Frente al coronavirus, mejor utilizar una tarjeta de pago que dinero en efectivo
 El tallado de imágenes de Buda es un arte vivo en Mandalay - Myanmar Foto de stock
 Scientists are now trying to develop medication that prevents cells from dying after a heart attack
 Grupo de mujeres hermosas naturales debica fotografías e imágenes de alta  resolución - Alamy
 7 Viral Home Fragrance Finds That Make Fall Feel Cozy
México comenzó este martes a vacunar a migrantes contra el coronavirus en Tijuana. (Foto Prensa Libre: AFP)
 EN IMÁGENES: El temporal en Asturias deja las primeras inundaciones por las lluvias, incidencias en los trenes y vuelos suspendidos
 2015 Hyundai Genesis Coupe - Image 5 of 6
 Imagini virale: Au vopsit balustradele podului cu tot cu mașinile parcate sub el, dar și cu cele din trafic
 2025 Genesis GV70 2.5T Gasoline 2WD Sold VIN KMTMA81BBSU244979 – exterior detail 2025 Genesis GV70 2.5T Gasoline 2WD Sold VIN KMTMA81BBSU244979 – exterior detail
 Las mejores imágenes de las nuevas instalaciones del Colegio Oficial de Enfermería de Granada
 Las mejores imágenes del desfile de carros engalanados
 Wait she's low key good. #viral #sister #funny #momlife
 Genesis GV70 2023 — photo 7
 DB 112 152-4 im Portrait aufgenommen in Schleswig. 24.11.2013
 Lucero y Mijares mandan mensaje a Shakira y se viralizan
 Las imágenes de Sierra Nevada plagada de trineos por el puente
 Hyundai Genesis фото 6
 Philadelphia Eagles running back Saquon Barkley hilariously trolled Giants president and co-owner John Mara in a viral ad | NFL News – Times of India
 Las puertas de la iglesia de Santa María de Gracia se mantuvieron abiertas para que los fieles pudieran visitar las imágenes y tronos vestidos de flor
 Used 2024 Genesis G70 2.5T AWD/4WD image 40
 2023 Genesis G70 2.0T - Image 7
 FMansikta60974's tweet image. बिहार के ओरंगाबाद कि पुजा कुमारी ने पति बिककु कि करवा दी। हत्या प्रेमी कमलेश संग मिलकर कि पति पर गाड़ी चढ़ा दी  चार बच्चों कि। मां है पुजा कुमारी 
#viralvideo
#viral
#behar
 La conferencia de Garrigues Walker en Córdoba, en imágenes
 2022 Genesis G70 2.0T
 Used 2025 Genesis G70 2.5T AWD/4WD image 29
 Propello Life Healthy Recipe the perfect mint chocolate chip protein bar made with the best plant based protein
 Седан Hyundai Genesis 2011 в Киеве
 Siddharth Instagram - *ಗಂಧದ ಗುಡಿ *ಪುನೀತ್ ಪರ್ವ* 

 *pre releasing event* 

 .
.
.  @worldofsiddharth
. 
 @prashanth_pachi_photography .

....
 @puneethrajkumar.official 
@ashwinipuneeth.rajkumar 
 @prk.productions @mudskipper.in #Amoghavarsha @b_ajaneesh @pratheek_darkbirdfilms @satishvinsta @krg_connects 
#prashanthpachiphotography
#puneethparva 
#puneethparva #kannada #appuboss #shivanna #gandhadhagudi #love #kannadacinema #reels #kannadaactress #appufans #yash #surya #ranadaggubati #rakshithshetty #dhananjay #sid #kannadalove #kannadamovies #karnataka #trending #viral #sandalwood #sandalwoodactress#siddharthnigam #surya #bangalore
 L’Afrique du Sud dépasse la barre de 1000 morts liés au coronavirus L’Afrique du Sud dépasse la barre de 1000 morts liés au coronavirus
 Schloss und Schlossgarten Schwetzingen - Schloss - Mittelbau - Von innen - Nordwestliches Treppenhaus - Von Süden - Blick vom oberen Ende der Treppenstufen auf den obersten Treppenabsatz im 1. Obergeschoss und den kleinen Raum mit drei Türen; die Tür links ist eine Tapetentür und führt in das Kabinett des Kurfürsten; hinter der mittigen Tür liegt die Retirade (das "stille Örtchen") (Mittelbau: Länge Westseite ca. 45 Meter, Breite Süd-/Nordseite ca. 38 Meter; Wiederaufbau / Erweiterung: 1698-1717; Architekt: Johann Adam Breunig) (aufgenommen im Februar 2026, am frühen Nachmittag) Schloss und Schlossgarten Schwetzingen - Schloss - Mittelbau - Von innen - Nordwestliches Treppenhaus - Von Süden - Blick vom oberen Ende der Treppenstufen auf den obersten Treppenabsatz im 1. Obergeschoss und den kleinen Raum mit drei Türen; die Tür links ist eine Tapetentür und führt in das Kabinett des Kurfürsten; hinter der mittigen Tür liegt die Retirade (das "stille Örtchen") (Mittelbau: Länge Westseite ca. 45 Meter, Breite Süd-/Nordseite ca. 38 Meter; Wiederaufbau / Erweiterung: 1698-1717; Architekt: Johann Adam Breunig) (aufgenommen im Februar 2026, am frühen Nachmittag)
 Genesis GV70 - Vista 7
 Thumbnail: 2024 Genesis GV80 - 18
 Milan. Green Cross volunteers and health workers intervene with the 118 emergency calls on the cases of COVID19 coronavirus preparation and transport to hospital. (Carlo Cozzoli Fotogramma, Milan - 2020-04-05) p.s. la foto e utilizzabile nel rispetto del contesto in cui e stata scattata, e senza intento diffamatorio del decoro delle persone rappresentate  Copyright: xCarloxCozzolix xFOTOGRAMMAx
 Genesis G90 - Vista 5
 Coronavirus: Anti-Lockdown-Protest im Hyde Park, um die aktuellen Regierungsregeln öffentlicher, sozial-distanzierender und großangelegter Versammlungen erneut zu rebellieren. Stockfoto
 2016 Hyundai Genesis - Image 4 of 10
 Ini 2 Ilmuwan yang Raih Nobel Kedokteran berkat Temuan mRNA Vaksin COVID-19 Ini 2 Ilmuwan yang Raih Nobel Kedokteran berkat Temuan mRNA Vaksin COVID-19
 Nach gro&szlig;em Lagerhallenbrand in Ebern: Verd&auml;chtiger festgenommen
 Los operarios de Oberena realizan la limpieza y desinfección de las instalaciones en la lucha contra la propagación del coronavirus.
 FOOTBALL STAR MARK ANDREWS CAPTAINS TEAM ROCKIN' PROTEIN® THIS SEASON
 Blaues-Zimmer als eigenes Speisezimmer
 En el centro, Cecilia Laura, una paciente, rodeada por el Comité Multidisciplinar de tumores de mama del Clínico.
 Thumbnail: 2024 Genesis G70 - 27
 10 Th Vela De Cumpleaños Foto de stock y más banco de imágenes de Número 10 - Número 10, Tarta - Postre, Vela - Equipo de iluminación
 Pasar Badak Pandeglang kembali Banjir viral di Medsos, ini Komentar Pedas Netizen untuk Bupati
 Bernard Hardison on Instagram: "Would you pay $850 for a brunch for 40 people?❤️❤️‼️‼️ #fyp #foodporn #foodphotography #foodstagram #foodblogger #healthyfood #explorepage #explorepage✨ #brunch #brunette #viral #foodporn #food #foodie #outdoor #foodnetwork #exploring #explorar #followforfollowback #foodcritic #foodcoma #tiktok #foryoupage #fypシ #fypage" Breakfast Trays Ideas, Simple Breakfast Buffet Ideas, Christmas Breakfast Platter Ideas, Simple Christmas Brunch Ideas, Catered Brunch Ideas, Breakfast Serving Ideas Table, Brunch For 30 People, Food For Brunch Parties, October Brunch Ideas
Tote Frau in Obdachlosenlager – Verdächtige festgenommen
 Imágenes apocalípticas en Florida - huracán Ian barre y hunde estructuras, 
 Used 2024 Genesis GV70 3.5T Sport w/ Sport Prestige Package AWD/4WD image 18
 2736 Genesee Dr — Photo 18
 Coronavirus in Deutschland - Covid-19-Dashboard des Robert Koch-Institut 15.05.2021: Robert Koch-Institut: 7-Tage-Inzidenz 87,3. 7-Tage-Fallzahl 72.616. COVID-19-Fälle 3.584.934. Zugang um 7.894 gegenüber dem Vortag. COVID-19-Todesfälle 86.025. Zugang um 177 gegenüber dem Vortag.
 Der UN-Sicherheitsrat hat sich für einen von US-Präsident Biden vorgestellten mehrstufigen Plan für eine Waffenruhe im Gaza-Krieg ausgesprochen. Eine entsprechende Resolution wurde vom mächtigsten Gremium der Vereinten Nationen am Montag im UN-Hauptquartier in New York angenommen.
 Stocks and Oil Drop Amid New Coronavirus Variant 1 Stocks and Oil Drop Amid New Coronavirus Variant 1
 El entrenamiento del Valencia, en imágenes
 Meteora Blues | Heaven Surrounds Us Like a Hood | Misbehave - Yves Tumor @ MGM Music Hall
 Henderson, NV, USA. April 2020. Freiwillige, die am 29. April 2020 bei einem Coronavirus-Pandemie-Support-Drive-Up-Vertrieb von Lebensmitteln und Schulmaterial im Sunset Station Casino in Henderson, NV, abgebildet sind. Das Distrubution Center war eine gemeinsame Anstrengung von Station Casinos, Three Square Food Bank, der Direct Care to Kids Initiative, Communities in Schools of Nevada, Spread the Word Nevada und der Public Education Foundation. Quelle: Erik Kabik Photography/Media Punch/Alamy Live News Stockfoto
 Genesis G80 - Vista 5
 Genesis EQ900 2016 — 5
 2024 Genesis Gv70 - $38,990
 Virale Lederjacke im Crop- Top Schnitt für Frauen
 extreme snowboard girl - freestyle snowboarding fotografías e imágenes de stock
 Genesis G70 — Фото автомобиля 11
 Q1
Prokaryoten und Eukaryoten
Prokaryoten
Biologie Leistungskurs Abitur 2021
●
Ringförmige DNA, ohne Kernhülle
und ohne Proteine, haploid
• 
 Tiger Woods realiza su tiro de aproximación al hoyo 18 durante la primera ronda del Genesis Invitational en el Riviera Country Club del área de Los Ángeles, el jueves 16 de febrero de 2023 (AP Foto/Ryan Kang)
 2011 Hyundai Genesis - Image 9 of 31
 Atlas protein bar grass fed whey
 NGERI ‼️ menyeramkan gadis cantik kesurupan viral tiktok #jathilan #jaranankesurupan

○ ○ ○ ○ ○

● Prompt:
Of the entries listed above, reproduce only the lines starting at the line containing "FMansikta60974's tweet image." and ending at the line containing "au coronavirus L’Afrique". Include both, exactly as they stand.

● Solution below:
 FMansikta60974's tweet image. बिहार के ओरंगाबाद कि पुजा कुमारी ने पति बिककु कि करवा दी। हत्या प्रेमी कमलेश संग मिलकर कि पति पर गाड़ी चढ़ा दी  चार बच्चों कि। मां है पुजा कुमारी 
#viralvideo
#viral
#behar
 La conferencia de Garrigues Walker en Córdoba, en imágenes
 2022 Genesis G70 2.0T
 Used 2025 Genesis G70 2.5T AWD/4WD image 29
 Propello Life Healthy Recipe the perfect mint chocolate chip protein bar made with the best plant based protein
 Седан Hyundai Genesis 2011 в Киеве
 Siddharth Instagram - *ಗಂಧದ ಗುಡಿ *ಪುನೀತ್ ಪರ್ವ* 

 *pre releasing event* 

 .
.
.  @worldofsiddharth
. 
 @prashanth_pachi_photography .

....
 @puneethrajkumar.official 
@ashwinipuneeth.rajkumar 
 @prk.productions @mudskipper.in #Amoghavarsha @b_ajaneesh @pratheek_darkbirdfilms @satishvinsta @krg_connects 
#prashanthpachiphotography
#puneethparva 
#puneethparva #kannada #appuboss #shivanna #gandhadhagudi #love #kannadacinema #reels #kannadaactress #appufans #yash #surya #ranadaggubati #rakshithshetty #dhananjay #sid #kannadalove #kannadamovies #karnataka #trending #viral #sandalwood #sandalwoodactress#siddharthnigam #surya #bangalore
 L’Afrique du Sud dépasse la barre de 1000 morts liés au coronavirus L’Afrique du Sud dépasse la barre de 1000 morts liés au coronavirus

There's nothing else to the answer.